Start of TASK INPUT
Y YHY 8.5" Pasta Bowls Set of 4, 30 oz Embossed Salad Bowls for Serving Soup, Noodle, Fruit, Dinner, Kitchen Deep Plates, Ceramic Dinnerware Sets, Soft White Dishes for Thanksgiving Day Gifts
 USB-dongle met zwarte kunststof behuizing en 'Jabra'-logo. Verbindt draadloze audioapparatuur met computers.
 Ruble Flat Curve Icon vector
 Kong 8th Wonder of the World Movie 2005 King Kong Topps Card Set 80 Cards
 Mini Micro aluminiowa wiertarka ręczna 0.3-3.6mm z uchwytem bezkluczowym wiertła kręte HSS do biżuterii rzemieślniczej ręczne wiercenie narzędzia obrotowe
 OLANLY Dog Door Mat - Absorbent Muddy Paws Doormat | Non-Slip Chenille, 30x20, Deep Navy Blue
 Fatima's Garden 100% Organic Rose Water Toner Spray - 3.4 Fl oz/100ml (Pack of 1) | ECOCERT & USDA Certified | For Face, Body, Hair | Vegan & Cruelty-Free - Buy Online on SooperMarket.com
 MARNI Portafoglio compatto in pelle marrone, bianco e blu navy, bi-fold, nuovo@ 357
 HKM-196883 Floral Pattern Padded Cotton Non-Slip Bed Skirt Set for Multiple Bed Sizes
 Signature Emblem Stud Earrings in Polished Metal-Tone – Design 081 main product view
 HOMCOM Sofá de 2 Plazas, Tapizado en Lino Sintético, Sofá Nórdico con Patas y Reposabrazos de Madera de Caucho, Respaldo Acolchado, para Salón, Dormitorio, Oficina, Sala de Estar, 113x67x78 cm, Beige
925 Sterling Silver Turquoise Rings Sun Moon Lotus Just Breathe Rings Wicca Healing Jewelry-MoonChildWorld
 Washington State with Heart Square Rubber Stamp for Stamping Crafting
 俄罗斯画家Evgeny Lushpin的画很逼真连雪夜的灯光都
End of TASK INPUT
EXERCISE BRIEF:
The answer should consist solely of the lines from the one that contains "Signature Emblem Stud" through the end of the material above, copied exactly.

OUTPUT OF THE TASK:
 Signature Emblem Stud Earrings in Polished Metal-Tone – Design 081 main product view
 HOMCOM Sofá de 2 Plazas, Tapizado en Lino Sintético, Sofá Nórdico con Patas y Reposabrazos de Madera de Caucho, Respaldo Acolchado, para Salón, Dormitorio, Oficina, Sala de Estar, 113x67x78 cm, Beige
925 Sterling Silver Turquoise Rings Sun Moon Lotus Just Breathe Rings Wicca Healing Jewelry-MoonChildWorld
 Washington State with Heart Square Rubber Stamp for Stamping Crafting
 俄罗斯画家Evgeny Lushpin的画很逼真连雪夜的灯光都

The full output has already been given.